Task objective: Your reply must contain the full listing below, reproduced exactly, but no pictures.

Material provided:
━━━━━━━━━━━━━━━━

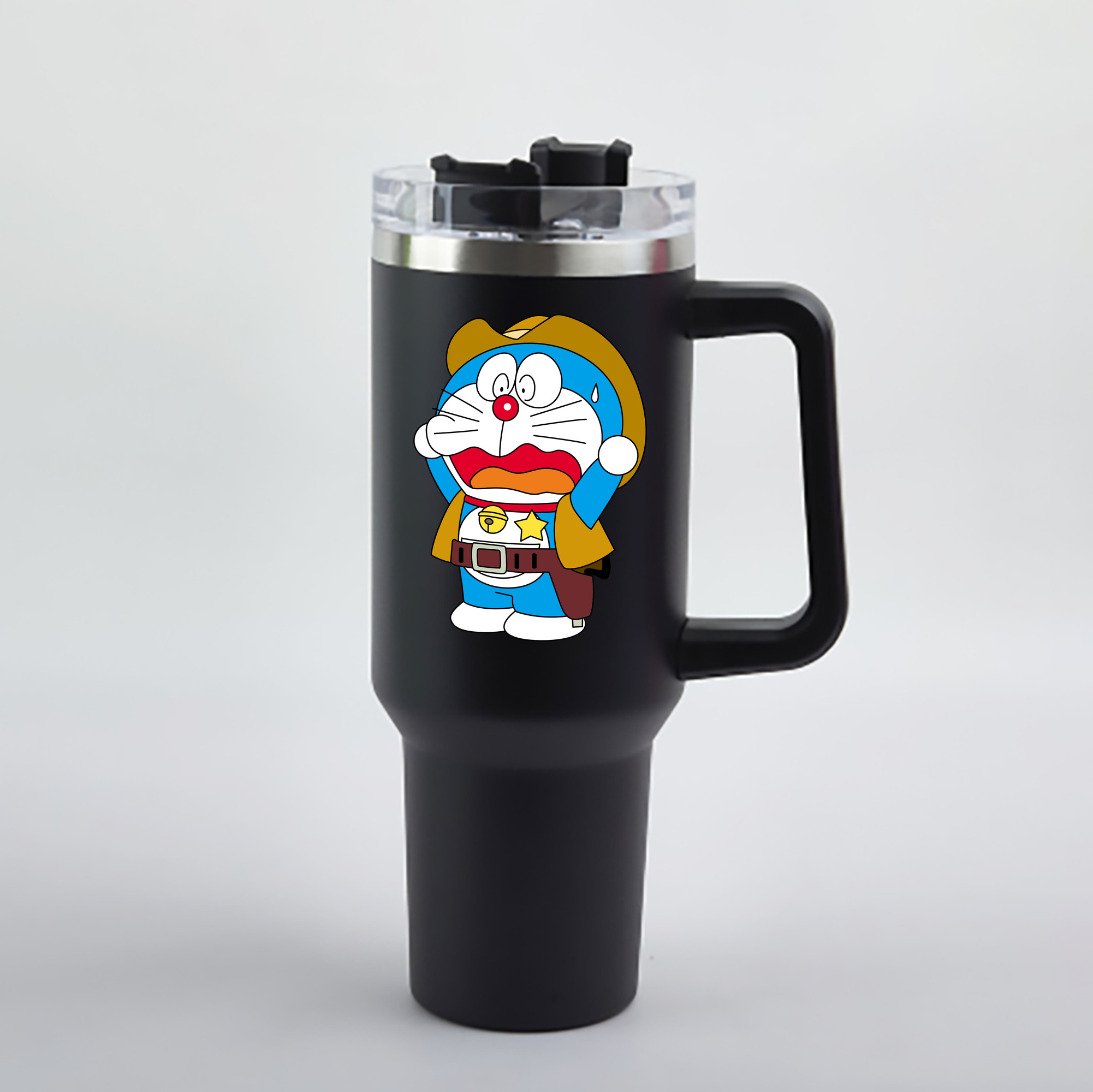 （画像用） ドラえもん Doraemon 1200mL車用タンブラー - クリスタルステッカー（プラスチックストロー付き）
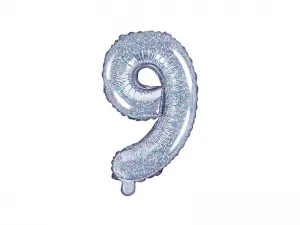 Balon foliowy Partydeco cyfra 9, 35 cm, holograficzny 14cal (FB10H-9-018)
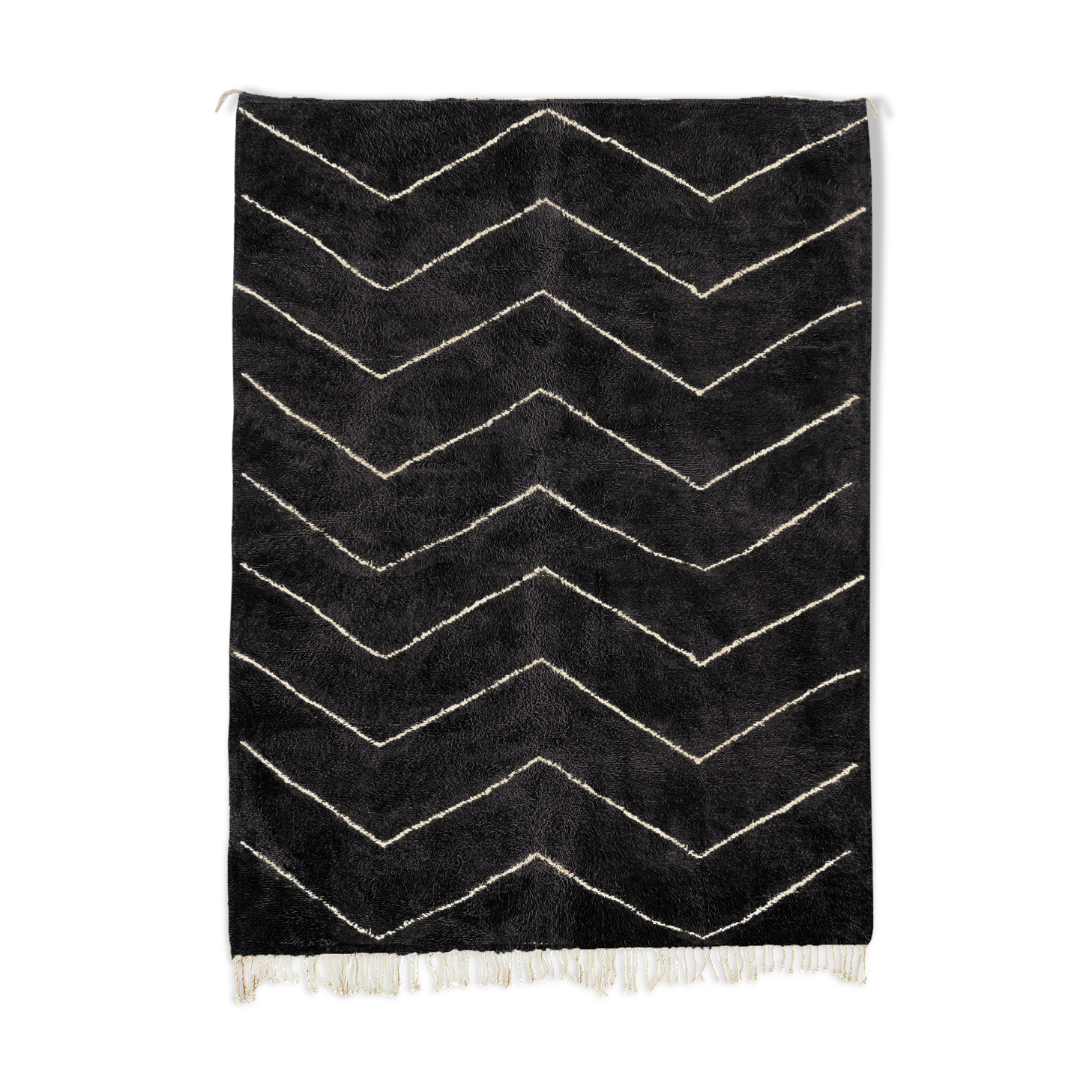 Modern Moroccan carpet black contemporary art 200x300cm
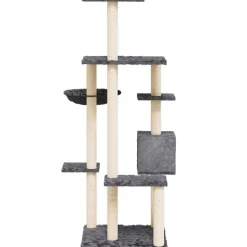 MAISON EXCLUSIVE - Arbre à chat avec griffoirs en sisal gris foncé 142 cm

━━━━━━━━━━━━━━━━

Result of the task:
 （画像用） ドラえもん Doraemon 1200mL車用タンブラー - クリスタルステッカー（プラスチックストロー付き）
 Balon foliowy Partydeco cyfra 9, 35 cm, holograficzny 14cal (FB10H-9-018)
 Modern Moroccan carpet black contemporary art 200x300cm
 MAISON EXCLUSIVE - Arbre à chat avec griffoirs en sisal gris foncé 142 cm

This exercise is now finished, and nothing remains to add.